Solar energy is sometimes dismissed as a fanciful idea with little to offer so far in such a cloudy country as the UK, but a new report says power from the sun could thrive in Britain in barely five years’ time − without the need for any subsidy.
The report – published on the website of Thema1, a Berlin-based group that works to accelerate the transition to a low-carbon society − says solar energy is leading changes in the power market as hardware costs have fallen relentlessly over the last decade, recalling the boom in the semiconductor industry.
Last month, the German utility E.ON announced that it was hiving off all its conventional fossil fuel generation to focus on renewables and energy services.
Dr Johannes Teyssen, E.ON’s chief executive, said on 1 December: “More money is invested in renewables than in any other generation technology. Far from diminishing, this trend will actually increase.”
Large-scale projects
The authors of the new report − energy expert Gerard Reid, founder of the corporate finance company Alexa Capital, and Gerard Wynn, of the GWG Energy climate policy and energy consultancy − say it was written in the context of the UK’s plan to force large-scale solar projects to compete with onshore wind for a smaller pot of support, which they say will seriously undermine that market.

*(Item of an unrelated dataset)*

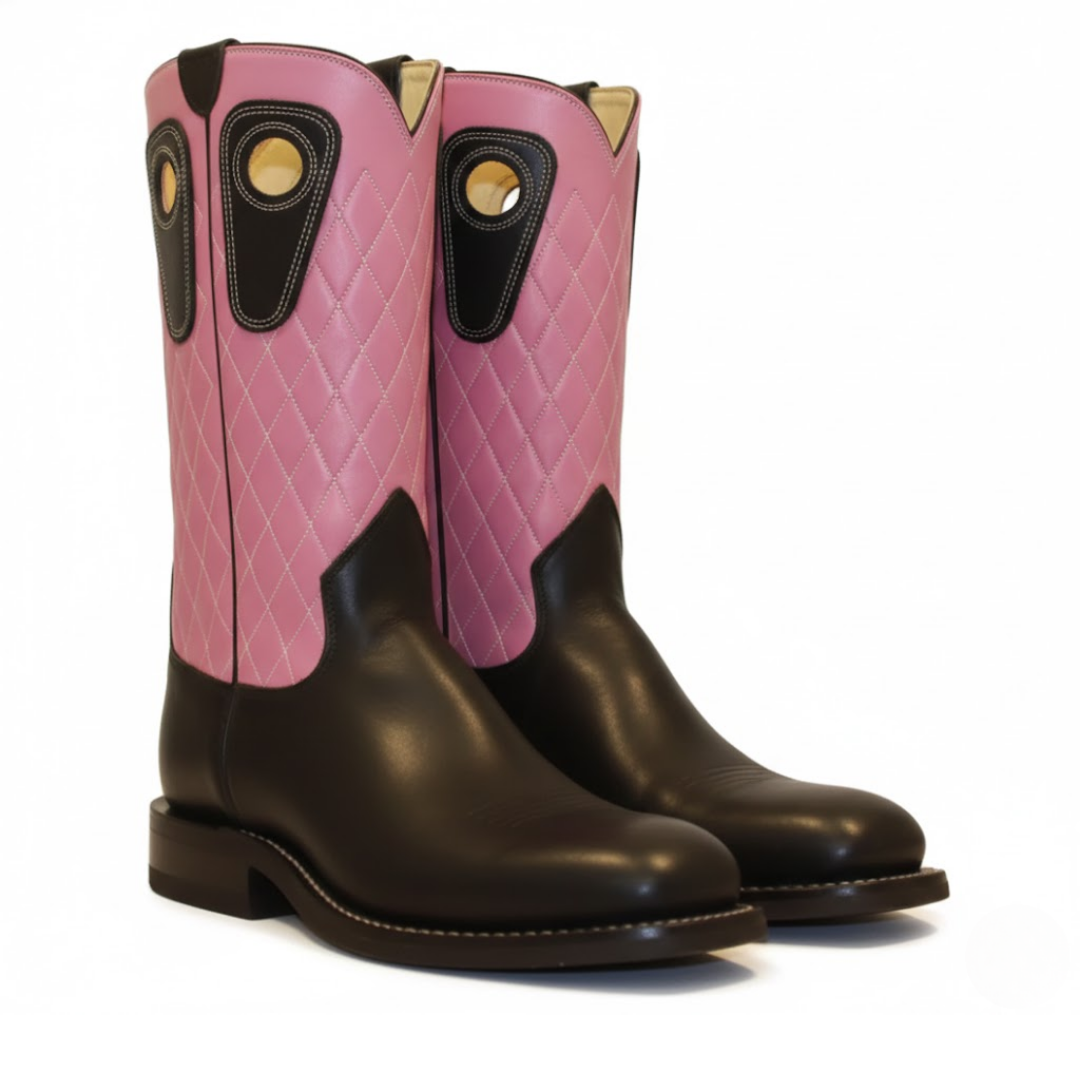 Women’s Vintage Western Boot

Solar power, they predict, would be competitive without subsidies as soon as 2020 in the British commercial rooftop market, which includes schools and offices. The domestic rooftop and large-scale solar markets would be economic within the next 10 years.
“We are firmly convinced that solar will become the bedrock of the global power system going forward,” said Reid, whose company finances low-carbon energy projects in Germany and the UK.